Uma tanganhada. Muitas vezes vi o meu pai estender a mão direita para crianças, até para mim quando era pequeno, e dizer: dá cá uma tanganhada. Havia um compasso em que as crianças se surpreendiam em silêncio, ficavam a olhar e, depois, devagar, estendiam-lhe também a mão.

 

Eu tinha três ou quatro anos quando, em horas paradas da tarde, uma mulher aflita atravessou as ruas da vila e o nosso quintal para dar a notícia que o meu pai tinha tido um acidente, uma máquina tinha-lhe arrancado a mão direita. A minha mãe não conseguia respirar. A mensageira era capaz de traçar com o dedo a linha na zona do pulso onde a lâmina lhe tinha acertado.

 

As máquinas da carpintaria do meu pai eram feitas do mesmo sonho que o levou a tentar terminar por correspondência um curso de desenho técnico. Essa força fazia parte da sua natureza e, quando se mostrava, era como um balão. Levantava um voo ligeiro, tranquilo, como se planasse sobre os campos. Eram imensas as paisagens que víamos através dos olhos do meu pai a sonhar, eram sem fim os horizontes que a sua vontade erguia. À hora de jantar, a minha mãe receava a realidade e tentava abrandar-lhe o optimismo, mas nunca conseguia completamente. O meu pai sonhava há muitos anos. Como prova, havia o livro que guardava desde rapaz em que se ensinava a fazer sabão e havia a história muito repetida da invenção que idealizara com o irmão mais velho: fazer gasolina a partir de cascas de laranja.

 

No pátio da carpintaria do meu pai, havia o barulho de máquinas. Havia a serra alta que atravessava troncos presos a um pequeno vagão que deslizava sobre carris.

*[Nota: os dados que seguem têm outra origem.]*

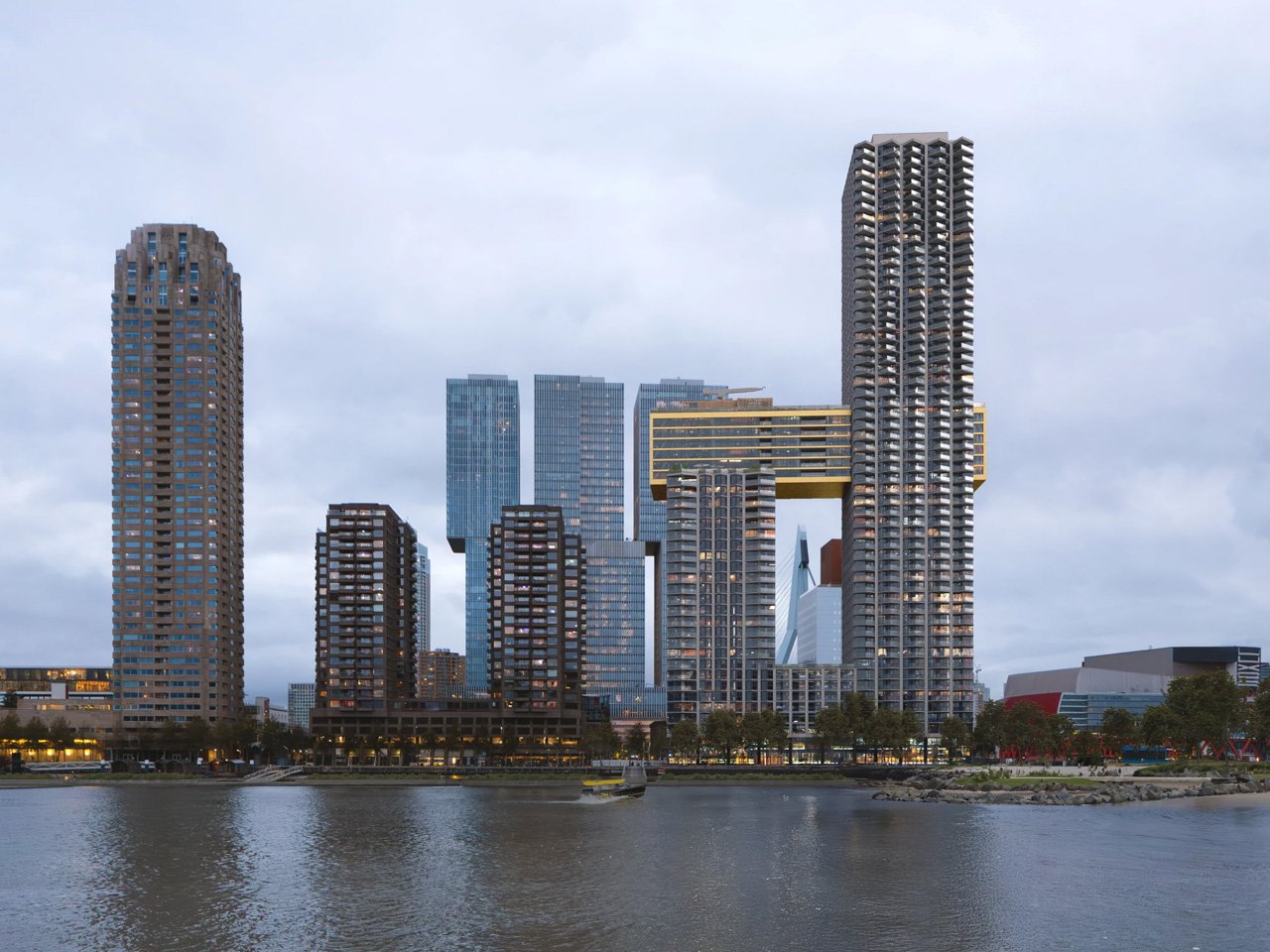 Rotterdam Strikes A High Note As Construction Begins On MVRDV’s Saxophone-Inspired Towers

Havia motosserras com correntes de lâminas que, em certas ocasiões, se rebentavam e saltavam desgovernadas. No interior da carpintaria, havia mais máquinas. A rotação das suas lâminas hipnotizava. Eram máquinas que, ao atravessarem ripas, gritavam sons nasais. Lançavam jorros de maravalhas e um nevoeiro de serradura que enchia toda a carpintaria, que se respirava. Foi numa dessas máquinas que o meu pai teve o acidente.

 

Nessa tarde, a minha mãe esteve mais de duas horas submersa em angústia, a imaginar imagens de sangue, até ligarem do hospital para o telefone da vizinha e se saber que não tinha sido assim. O meu pai tinha tido um acidente com uma máquina, tinha sido grave, mas não tinha perdido a mão e havia esperança de que pudesse voltar a usá-la.

 

Afinal, a lâmina não lhe tinha cortado o pulso, mas sim a palma da mão e a cabeça de alguns dedos. Depois de tirar as ligaduras, a mão foi cicatrizando. Havia um aparelho feito de alumínio e molas, com partes em cabedal para prender o antebraço e os dedos. Esse aparelho servia para recuperar um pouco da forma da mão. Forçava os tendões, era doloroso. Anos depois, quando eu o encontrava abandonado dentro de algum armário, brincava com ele. Parecia a mão de um robot.

 

O meu pai e os homens que trabalhavam com ele na carpintaria aleijavam as mãos a cada passo. Nenhum se queixava demasiado quando entalava os dedos entre chapas de madeira ou quando lhes acertava com uma martelada e ficava com as unhas negras, sangue pisado. Era incontável o número de lascas de madeiras que se espetavam nas suas mãos ou a quantidade de vezes que os formões ou os serrotes deslizavam e lhes faziam cortes até ao osso. Se não bastasse soprar ou enrolar a mão num lenço de assoar, havia um armário branco, coberto de pó, entre calendários de mulheres nuas, 1979, 1985, 1982, onde havia álcool e, às vezes, algodão.

 

Numa ocasião em que estavam a descarregar pinheiros no pátio, houve um tronco que esmagou o mão de um homem. A aliança de casado cortou-lhe o dedo. Foi o meu pai que o recolheu num frasco e que conduziu o homem até ao hospital. Contava sempre essa história como justificação para não usar aliança.

 

O meu pai conseguia segurar em tudo, fazer tudo, mas o corte enrolou-lhe a mão direita, encaracolou-lhe os dedos e nunca conseguia abri-la completamente. As unhas cresciam à volta da cabeça dos dedos mindinho, anelar e médio, que eram menores do que o seu tamanho natural. Era essa mão, de pele grossa e áspera, que o meu pai usava para fazer acções melindrosas, pentear as sobrancelhas, contar moedas. Era essa mão que usava para fazer festas no rosto terno das netas. Era essa mão que me dava quando íamos à cidade, passeávamos juntos e acreditávamos que o tempo não tinha fim. 

 

 

José Luís Peixoto, in Abraço (Quetzal, Outubro 2011)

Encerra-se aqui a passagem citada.